The OU process and Gaussian clusters both produce maximally stable STR measurements (convergence CV ≈ 0), yet they measure density-driven proximity, not dynamical recurrence. If classification relied solely on measurement stability, these systems would pass as VALID — yet no dynamical recurrence exists. Measurement-level diagnostics alone are insufficient; structural analysis (SCC) is necessary.

Critical Observation 2: Boundary ≠ Invalid

The Lorenz system possesses genuine dynamical structure (SCC > 0) but lacks a stable recurrence scale. This is fundamentally distinct from Type II invalidity: the measurement is unstable, not meaningless.

5. Topological Remark

SCC — persistent connectivity of the trajectory in state space — corresponds to zero-dimensional persistent homology features (H₀) in algebraic topology. The Trajectory Recurrence Index (TRI) captures higher-order structure — persistent loops (H₁). A basic topological fact yields:

TRI > 0 ⟹ SCC > 0. Existence before temporal structure.

The presence of temporal recurrence structure (loops) presupposes persistent connectivity (existence).
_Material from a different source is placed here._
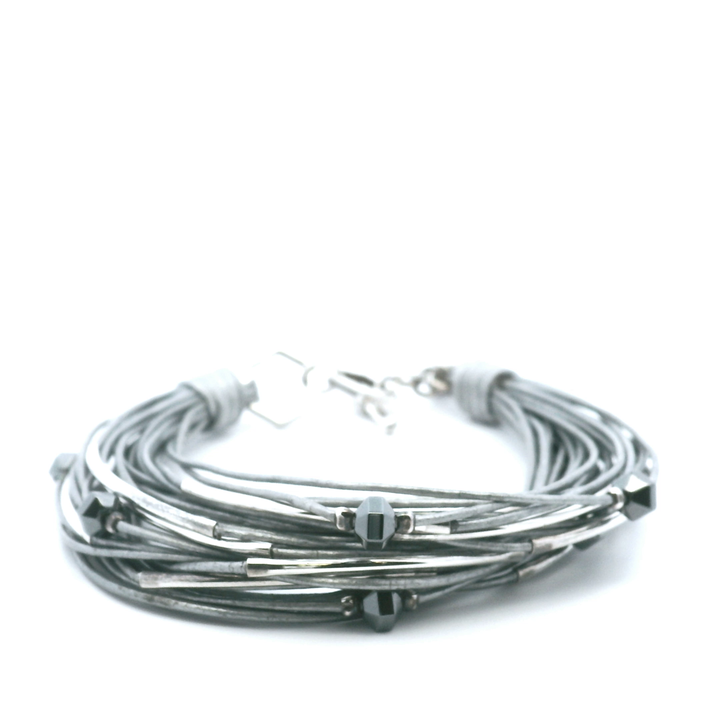 Estate Sterling Silver Multi-Strand Wire Bracelet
The converse does not hold: a stable fixed point has SCC > 0 but TRI = 0.


Key takeaway: RN-007 is not about improving STR. It is about characterizing where your diagnostic tool ceases to be trustworthy. When you hold a precision instrument, the most important thing is not how precise it is — but knowing in which regions of its dial you can trust the reading, and in which regions it is deceiving you entirely.

This note draws on theoretical and experimental results from "When Is Recurrence Meaningful? Validity Conditions for Trajectory-Level Diagnostics in Dynamical Systems" (Haelio Tang, 2026).